As it turned out, however, this was not an isolated case of bank fraud, but the largest criminal organization in this field ever investigated by the Greek Judiciary. Since 2023, the Prosecutor’s Office has been investigating a fraud story involving 1,298 suspects and defendants. In the 750 pages of the referral document, 129 pages contain only the names of the organization’s members, who operated from Corfu to Crete and from Thessaloniki to Messolonghi, Naxos, Amorgos, and Santorini, targeting shopkeepers, businessmen, media outlets, churches, and monasteries.
This organization bears no resemblance to the crude telephone scams of the past. It possesses structure, hierarchy, and a headquarters—an operational call center, a department for collecting bank details, and even a network of "mules" (money mules), as the organization's "external" accomplices were characterized by the police. Without these mules, the criminal enterprise could not have been executed. Solving the case required judicial assistance from the United States and "support" from Google to locate the electronic traces, domains, and accounts used in the phishing attacks.
The organization’s activity has been accurately mapped from February 2022 to the present, counting 669 confirmed cases of fraud and financial gain exceeding €6 million. The complexity of the case is such that the prosecutor handling it issued detailed instructions to the Cybercrime Division. "Due to the staggering number of defendants (1,298), please ensure order is maintained in the case file, the numbering of the defendants is preserved, a separate sub-folder is created for each defendant containing all relevant documents, and a table format is used to depict their participation in the criminal acts for which prosecution was initiated, including the time, place, and other circumstances of their commission, and their connection to the 'main' defendants who 'remained' in the primary case file." Furthermore, a few months later, in a new order, she requested that "for the sake of economy of time and resources, and due to the peculiar nature and specific characteristics of the case, the defendants be summoned for apology by the locally competent Police Authority."
From Zefyri to Examileia
The core of the organization developed into sub-groups, the strongest of which operated in Zefyri, Zeugolatio, and Examileia. There, within Roma settlements, the operational and call centers were established, from which hundreds of calls were made daily. The geographical relocation of the centers was part of the strategy. Every few weeks, they moved from Zefyri to Menidi or Aspropyrgos, from Zeugolatio to Examileia or Vrachati, and from there to Solomos. The core members were connected by kinship and family ties and communicated daily.
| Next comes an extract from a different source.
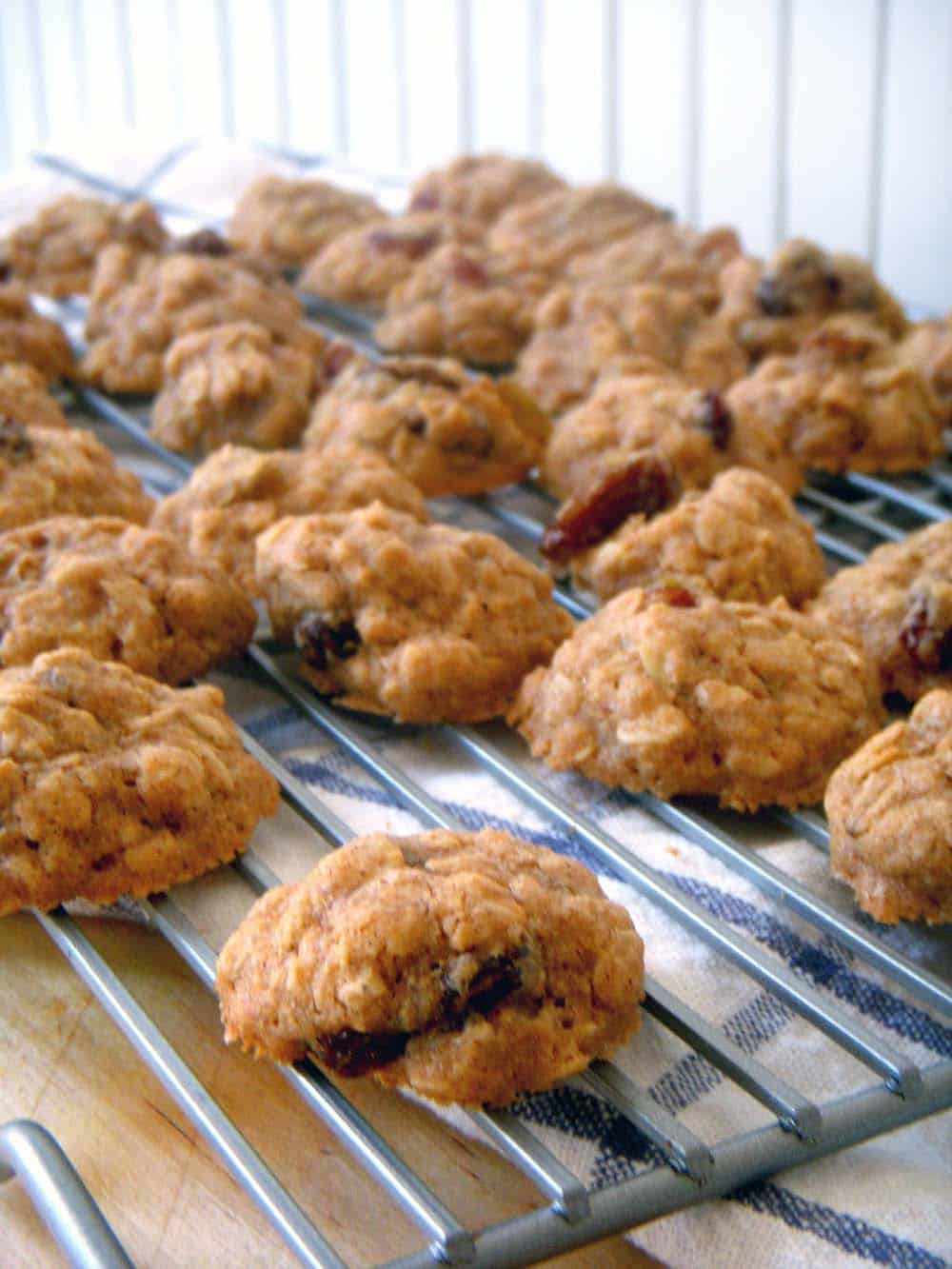 Maple oatmeal raisin cookies spread out on a cooling rack.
The headquarters of each sub-group consisted of the leader and a small number of individuals—administrators and coordinators of the criminal activity—most of whom belonged to the immediate family circle. Following in the organization’s pyramid was the operational call center, consisting of at least one coordinator and a small number of trusted members, usually from the close family circle, who were fluent, technically skilled in using electronic devices, and had excellent knowledge of the electronic banking operations of Greek banking institutions.
The primary goal of the members operating the call center was to "fish" for potential victims and communicate with them by phone. To achieve their goal, they used open internet sources or professional details of individuals, such as classified ad websites or Facebook Marketplace, where private individuals post sales listings along with their personal and contact information. They also found data by searching public announcements on the "Diavgeia" program website, and through simple searches on various websites and search engines using criteria like geographical area and professional status.
A section of the criminal organization was also the center for collecting bank details and proceeds of crime. This section was composed of three parts, the main one being the card collection and preparation department, which was responsible for collecting and checking the functionality of the "mules'" bank cards.
The cash withdrawal department was responsible for traveling to and staying near ATMs so that, after the criminal act was completed, they could proceed with the... withdrawal of the stolen funds. Meanwhile, the department for receiving and reselling the proceeds of crime was responsible for tracking and receiving technology products purchased using the victims' bank details, as well as reselling them to third parties. This department's scope of action also included recruiting new members, even outside the Roma community.
The "Mules"
The lowest hierarchical section was that of the "mules" (money mules). Its members provided their banking data, such as their cards, electronic account login credentials, and the SIM card of the phone connection linked to their e-banking, in exchange for a fee ranging between €200 and €600. This made it possible for the organization's "revenue" to be transferred immediately and protected the identity of its members, as the "mules" were used as "fronts." In fact, the "mules," strictly following the organization's instructions, immediately after the completion of the fraud and the successful withdrawal of the funds, reported the cards lost to the respective banking institutions.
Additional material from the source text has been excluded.